Llega un nuevo Robin Hood, aggiornado a estos tiempos y buscando convertirse en saga.
Infinidad de veces el cine ha traído a la pantalla grande la imagen del héroe de Sherwood, que robaba a los ricos para darle a los pobres, acrecentando el mito y poniéndolo en juego con el tiempo de su producción.
Esta época no podía quedar al margen. Ni la industria se lo iba a perder. A tono con eso este Robin Hood es un pastiche posmoderno, un patchwork: las batallas, por modos y vestuarios, buscan que pensemos en las actuales que se desarrollan en el Oriente Medio; el lugar de la mujer se empareja con el presente del empoderamiento femenino; que el “maestro” del protagonista (Jamie Foxx) sea musulmán no es menor; los abusos de todo tipo por parte de la cúpula de la Iglesia Católica no desentona con la agenda actual. Esto es apenas una muestra de lo pensado y diseñado que resulta este producto.

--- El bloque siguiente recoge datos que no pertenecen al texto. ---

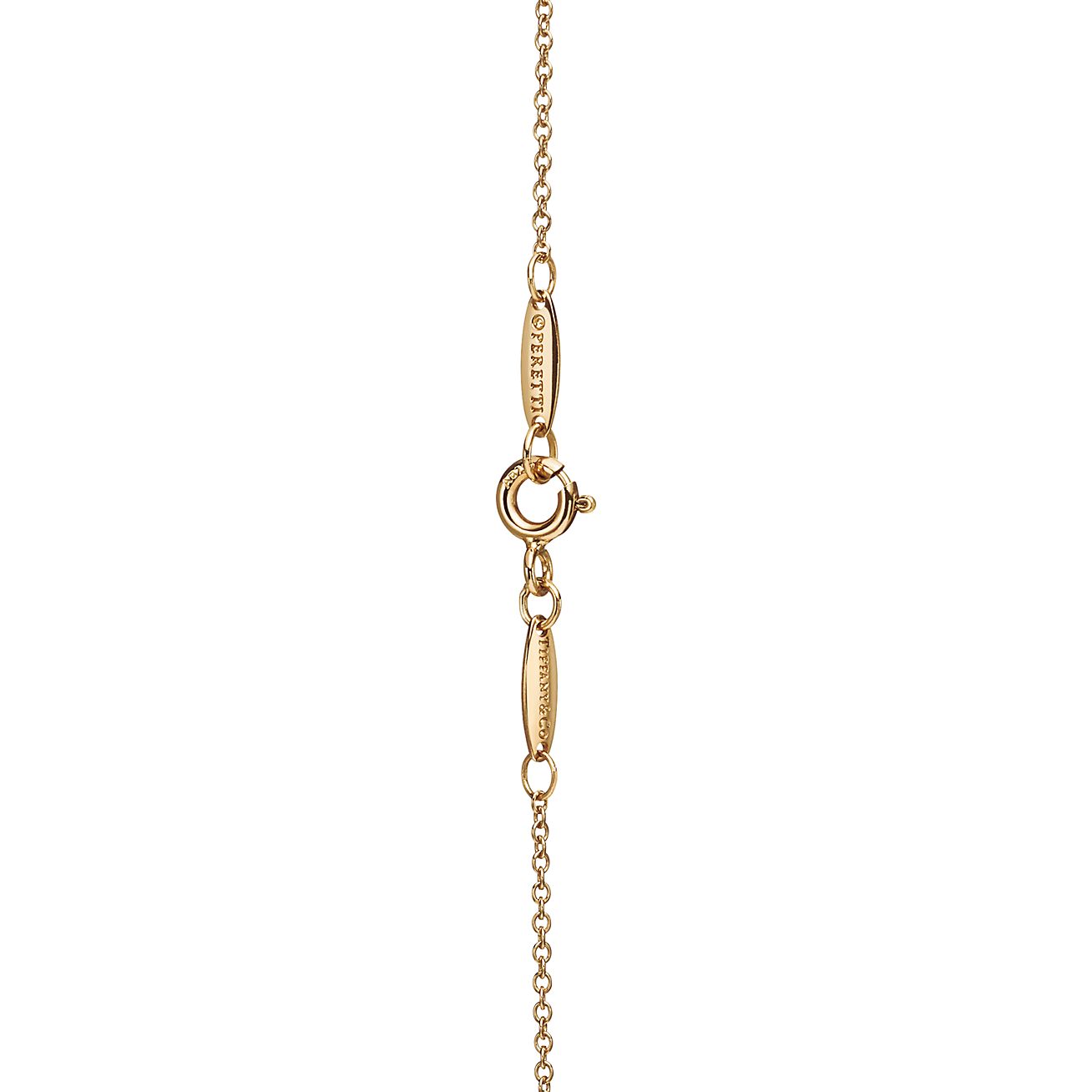 Elsa Peretti庐 Bean庐 design Pendant in Yellow Gold, 18 mm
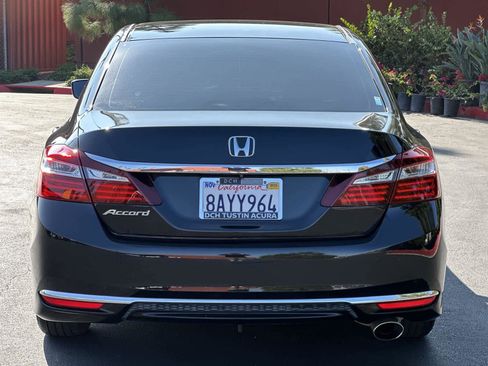 Used 2017 Honda Accord LX image 5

Y por si fuera poco es una precuela que (si la taquilla así lo reafirma, cosa que parece que no ocurrirá) nos informa lo que era nuestro protagonista (Robin de Loxley) antes de ser el que conocemos y nos prepara para lo que será. No resulta menor que se haya bajado fuertemente la edad de Robin (Taron Egerton) ni que luzca como el Arrow de la serie televisiva para atraer nuevas audiencias que puedan verse reflejadas ni que la acción corra sin respiro y a partir de un montaje frenético.
La idea de representar un pueblo sometido por el poder y que sólo unido (mostrado en avanzadas que, hoy por hoy y cotidianamente, nos regala la televisión en masivas protestas mundiales) puede conseguir respeto humano y derechos burgueses (aunque se pretendan disfrazar de universales y populares) es apenas corrección política y buenas intenciones progresistas.
Lo que le sobra a este Robin Hood en efectos le falta en sangre, pasión e ideas.